In your copy, include every record exactly and no pictures.

_Stored records_
-- Opening Marker --

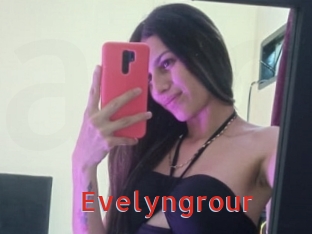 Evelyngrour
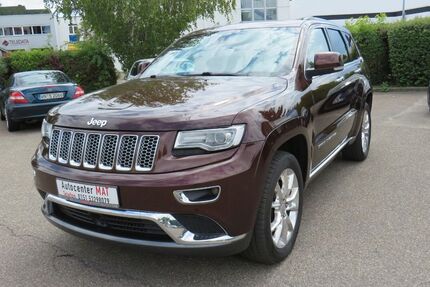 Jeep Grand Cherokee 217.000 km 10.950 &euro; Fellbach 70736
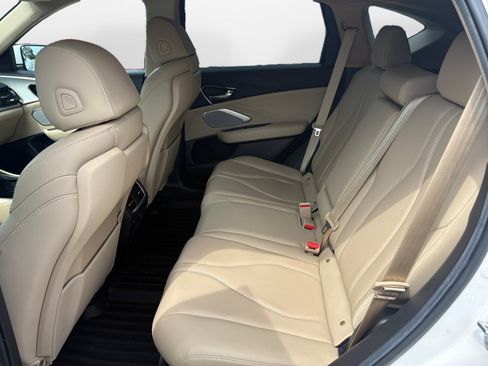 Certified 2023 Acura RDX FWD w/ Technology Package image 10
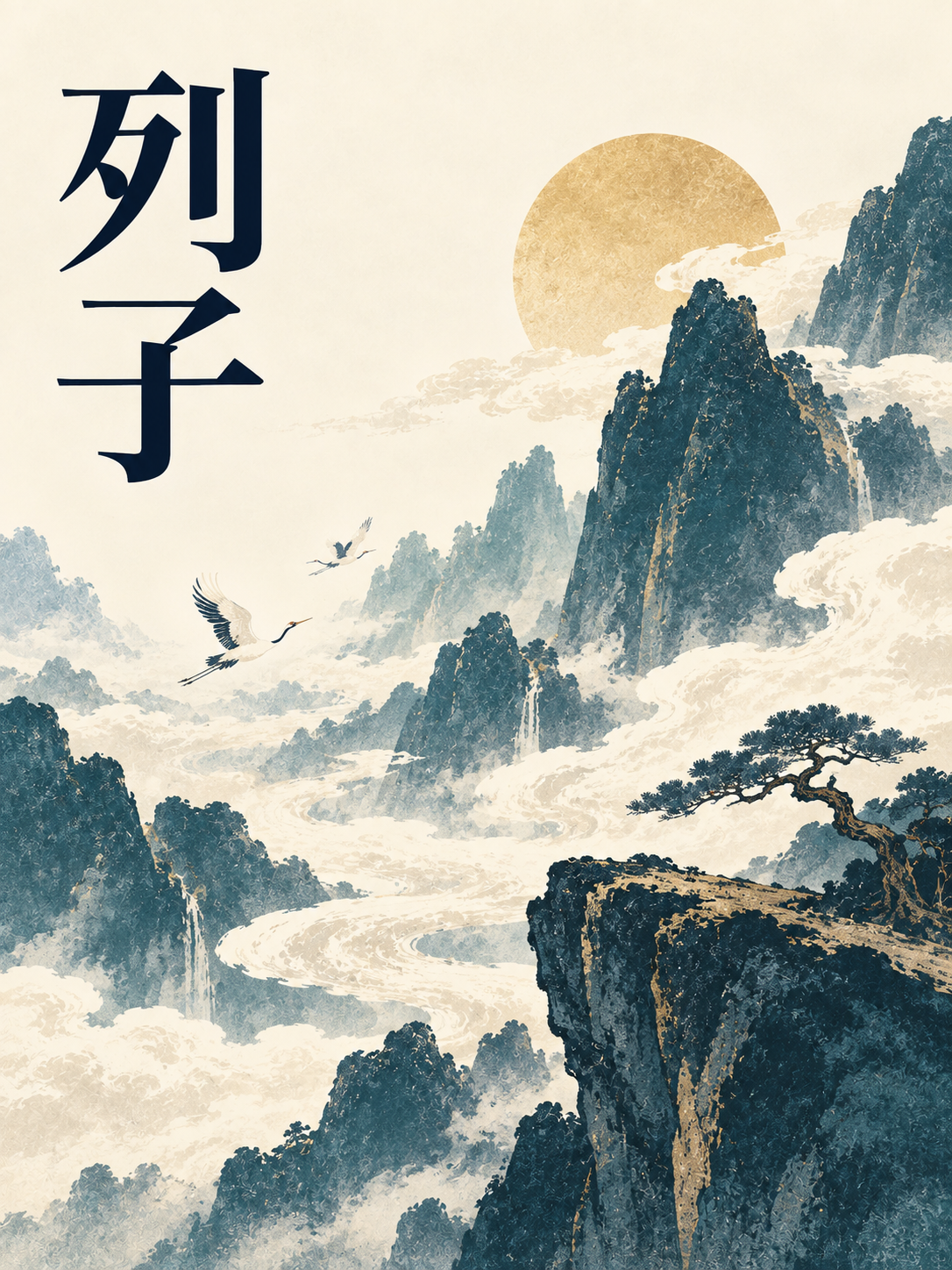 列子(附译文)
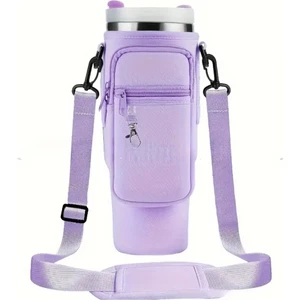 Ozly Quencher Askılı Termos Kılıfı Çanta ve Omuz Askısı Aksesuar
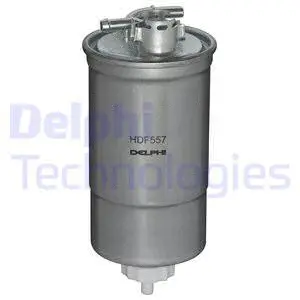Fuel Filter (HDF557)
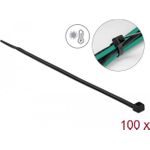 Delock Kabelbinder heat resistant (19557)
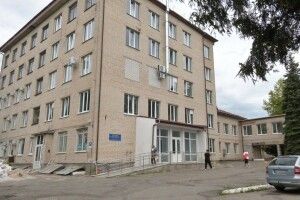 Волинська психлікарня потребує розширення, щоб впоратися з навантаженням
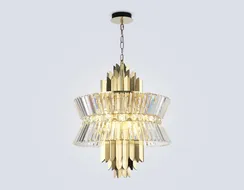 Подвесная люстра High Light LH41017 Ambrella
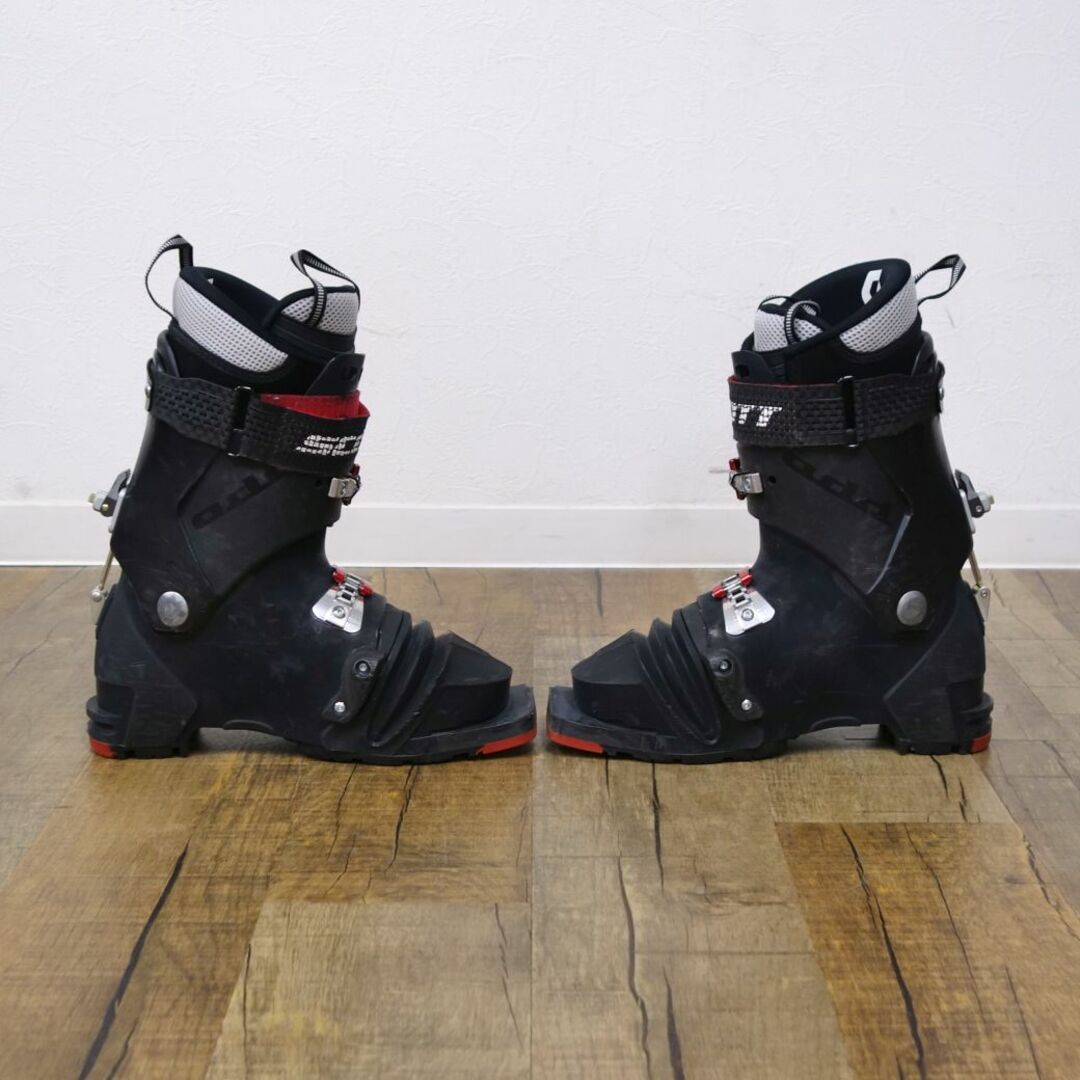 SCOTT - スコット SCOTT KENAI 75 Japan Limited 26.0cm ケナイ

-- Closing Marker --

_Your response_
 Evelyngrour
 Jeep Grand Cherokee 217.000 km 10.950 &euro; Fellbach 70736
 Certified 2023 Acura RDX FWD w/ Technology Package image 10
 列子(附译文)
 Ozly Quencher Askılı Termos Kılıfı Çanta ve Omuz Askısı Aksesuar
Fuel Filter (HDF557)
 Delock Kabelbinder heat resistant (19557)
 Волинська психлікарня потребує розширення, щоб впоратися з навантаженням
 Подвесная люстра High Light LH41017 Ambrella
 SCOTT - スコット SCOTT KENAI 75 Japan Limited 26.0cm ケナイ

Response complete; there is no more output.